Il y a la solitude du client qui tente d’insérer son propre manteau dans un placard déjà rempli à craquer et qui fait tomber tous les autres après avoir pourtant pris plus de 5 minutes de précaution.
Il y a la solitude de celle qui, après avoir redoublé de créativité amoureuse, appuie sur la touche « envoyer » de son téléphone alors que le numéro affiché est celui de son patron plutôt que celui de son homme qui lui aussi s’appelle Henri.
La solitude de celui qui, après s’être fâché avec la personne qui a pris sa place réservée, s’assoit avec soulagement, s’abandonne quelques secondes et voit son adrénaline monter en flèche lorsque, train en marche, le contrôleur annonce Dunkerque pour destination et que la prochaine gare n’est autre que celle de Ablincourt-Pressoir, alors qu’il est attendu dans 20 minutes à Creil !
Il y a la solitude de celui qui a décidé de s’impliquer en faisant tourner une machine, lorsqu’au moment d’en retirer le linge, celui-ci se trouve teinté de la plus moche des couleurs marron et qu’au milieu, il y a la petite robe préférée de sa femme, celle-là même – crème à l’origine- qu’elle comptait mettre a l’incontournable soirée du Président ce soir.

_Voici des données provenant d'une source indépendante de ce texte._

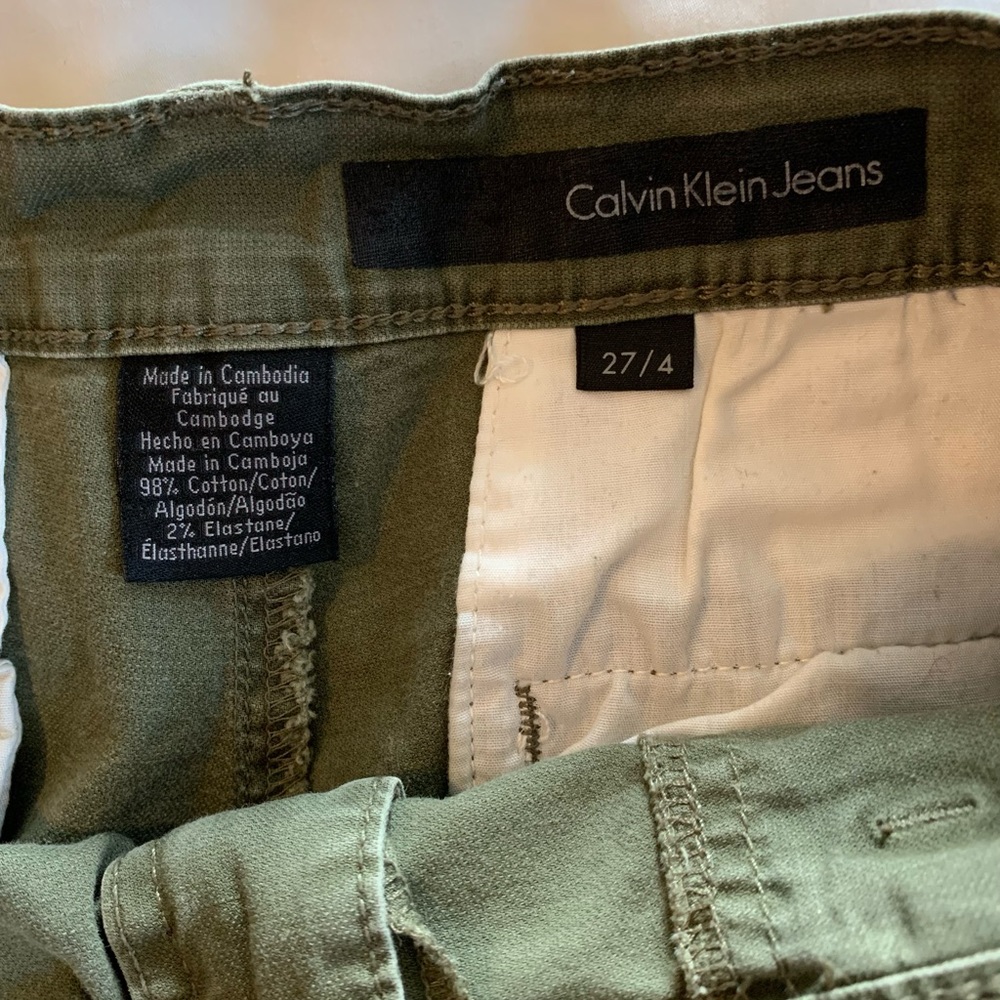 Calvin Klein Jeans army green cargo shorts - Picture 3 of 5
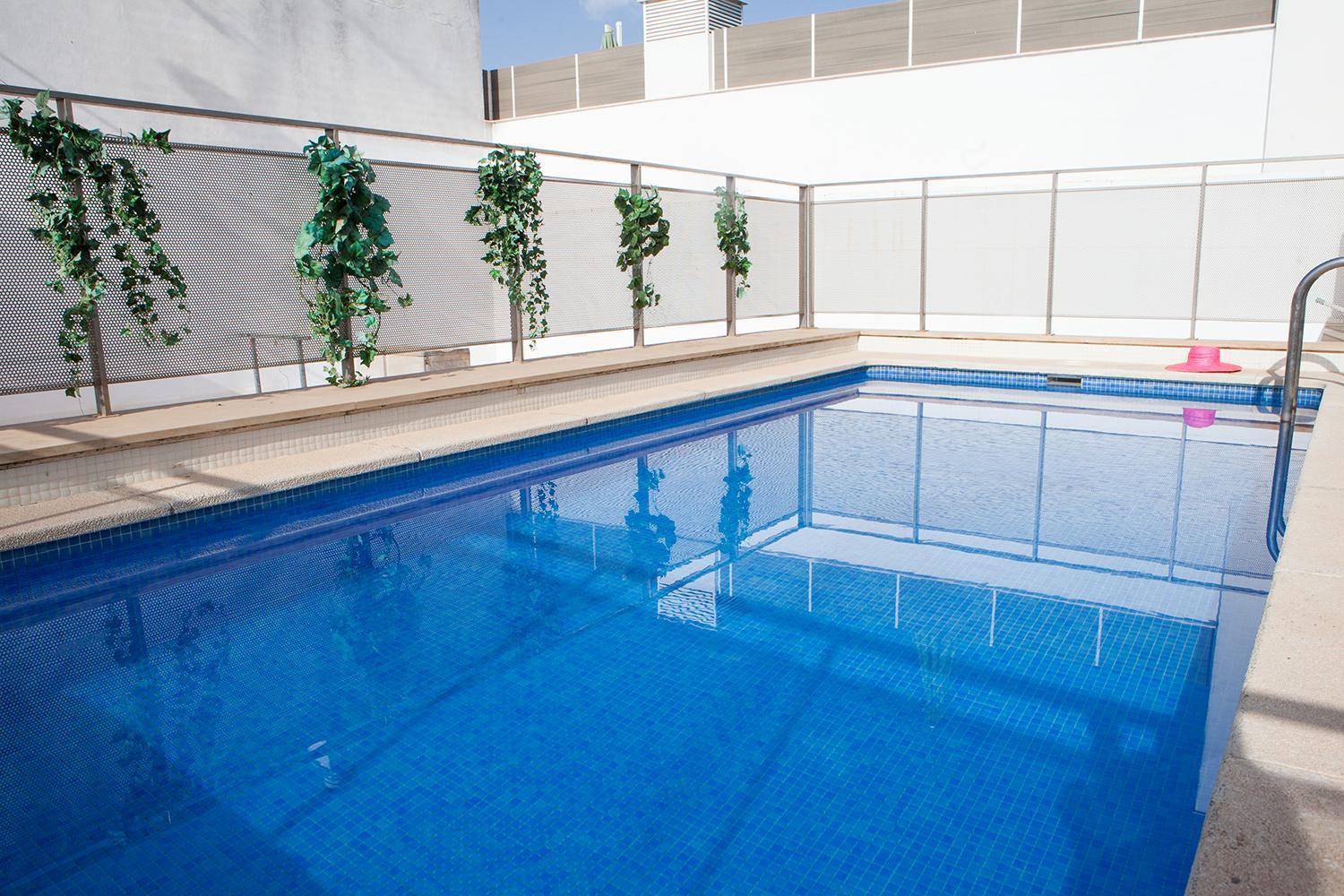 Charming Apartment With Pool And Garage Seville Exterior photo
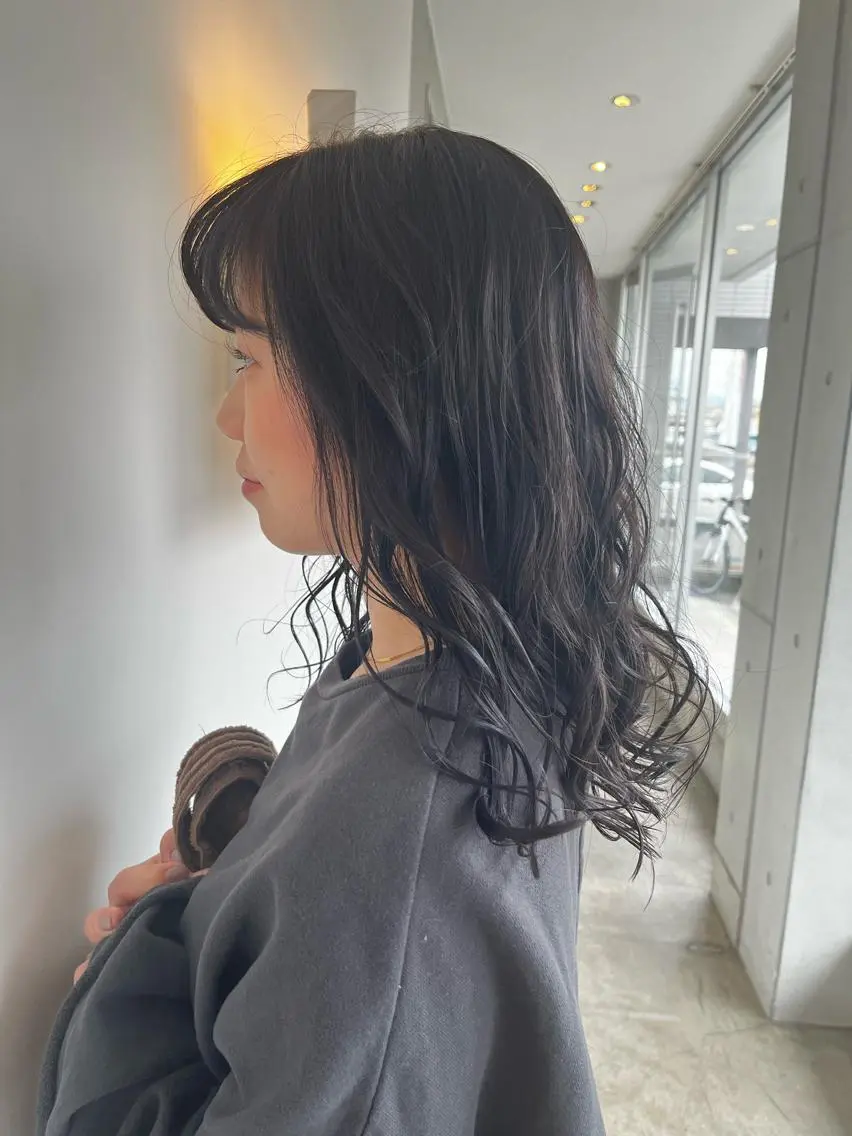 ミディアム アッシュ アッシュグレー アッシュグレージュ おせ ちさとのヘアスタイル
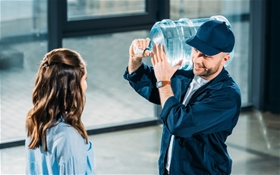 Dịch vụ giao nước bình 19L cho doanh nghiệp tại Khu Công Nghiệp Tân Phú Trung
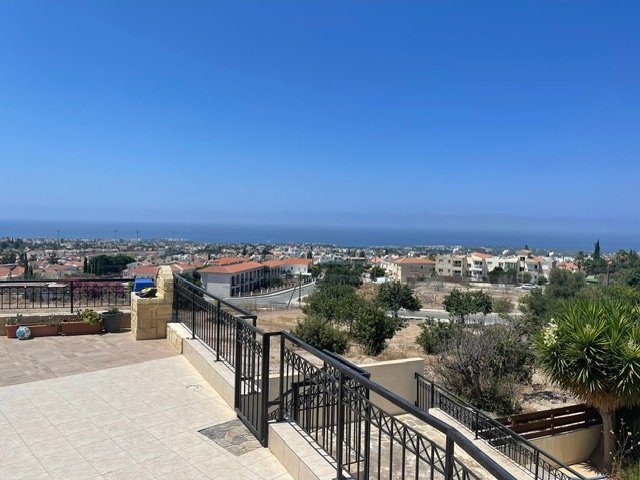 Refurbished Two-Bedroom Semi-Detached House with Sea Views & Communal Pool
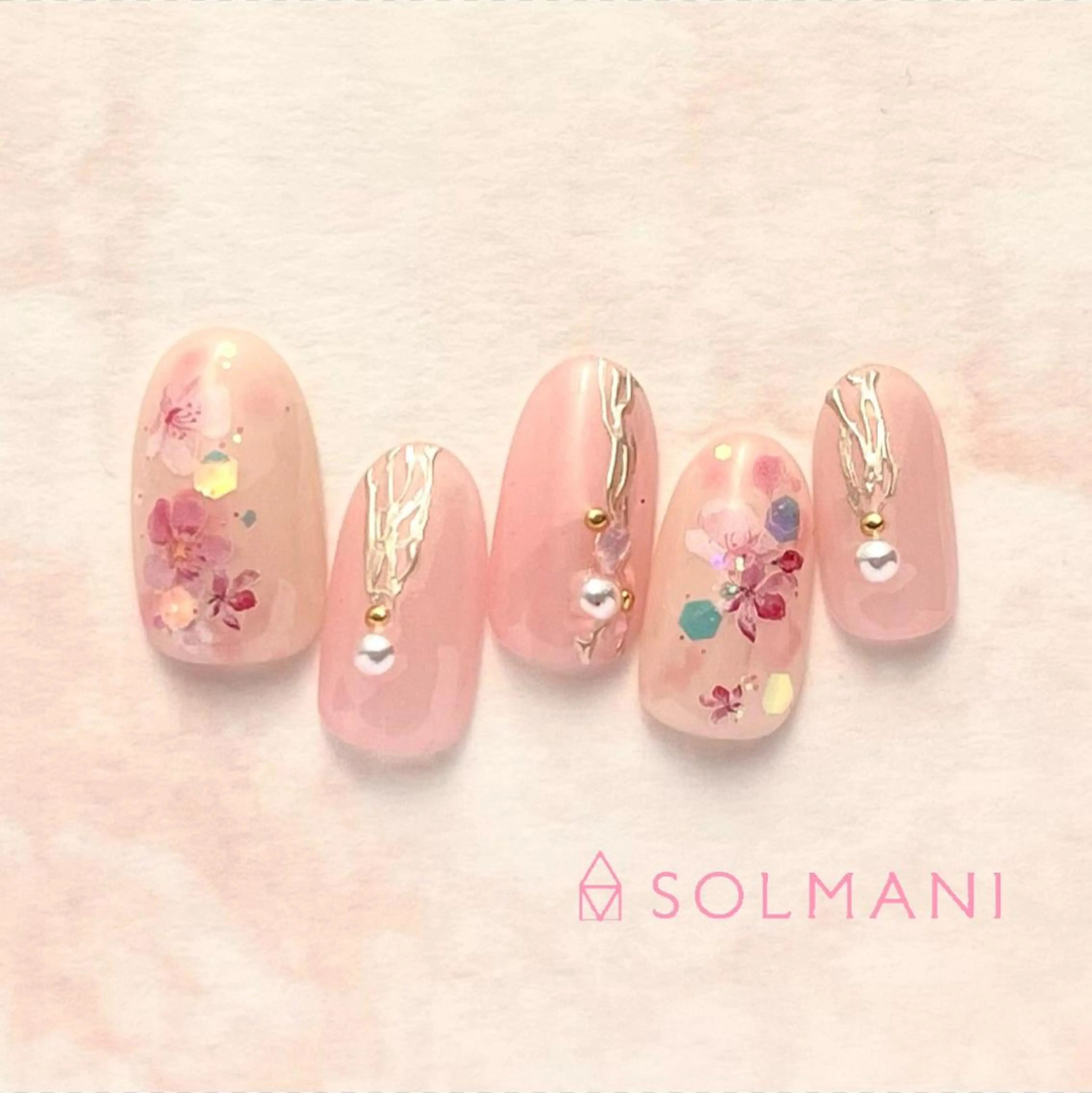 ネイル 桜ネイル SOLMANI 予約担当のネイルデザイン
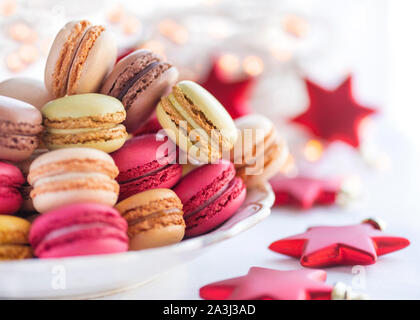 Weihnachten gestapelt Macarons, selektiver Fokus makro Text über legen Stockfoto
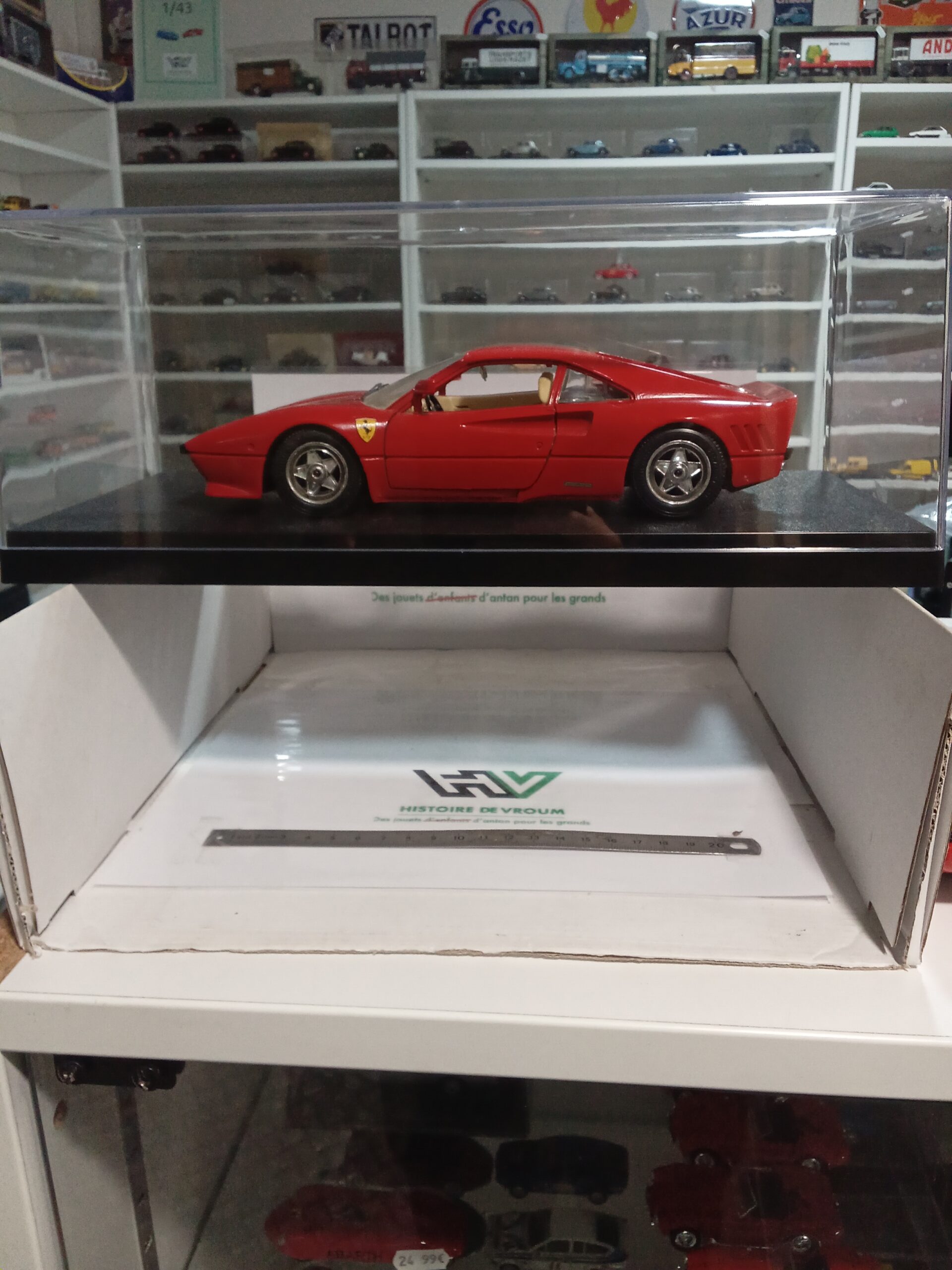 Miniature Ferrari 288 GTO 1/18 Rouge (Rosso Corsa) – Vendue seule ou avec Boîte Vitrine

La solitude de celle qui avec un coup de ciseau un peu trop dynamique, coupe le tissu de la chemise Maison Margiella qu’elle vient de s’offrir et dont elle voulait simplement ôter l’étiquette gênante.
La solitude de celle qui sort des toilettes après s’être rhabillée hâtivement et découvre, une fois avoir traversé le restaurant pour regagner sa place, que sa jupe est coincée dans le haut de son collant, laissant à la vue de tous l’intégralité de son postérieur !
Il y a solitude de celui qui prend son temps pour trier un par un ses pots de yaourts et autres papiers gras recyclables de ceux qui ne le sont pas, en les jetant dans un container hyper profond et qui, en refermant le couvercle, découvre qu’il s’agit du bac a verre !
Il y a la solitude de celle qui s'apprête et se maquille pour un premier rdv galant, arrive en avance, se pose à une table en terrasse, en profite pour se caler sous son meilleur profil et, avant que le rdv n'arrive, reçoit la fiante d'un pigeon -probablement malade ou obèse, si on en juge le résultat- qui la couvre de cap en pied.
Aviez-vous remarqué que c'est dans ces très courts moments que l'on revêt simultanément deux pans de notre personnalité ? Celui que l'on est et celui que l'on n'est pas (enfin normalement) parce qu'on s'évertue à le cacher ou à le vivre le moins possible.
C'est en passant une soirée à jeter un oeil au dessus de l'épaule d'un ange que j'ai découvert cela et l'idée même d'observer l'humanité sous cet angle m'amuse par avance !!!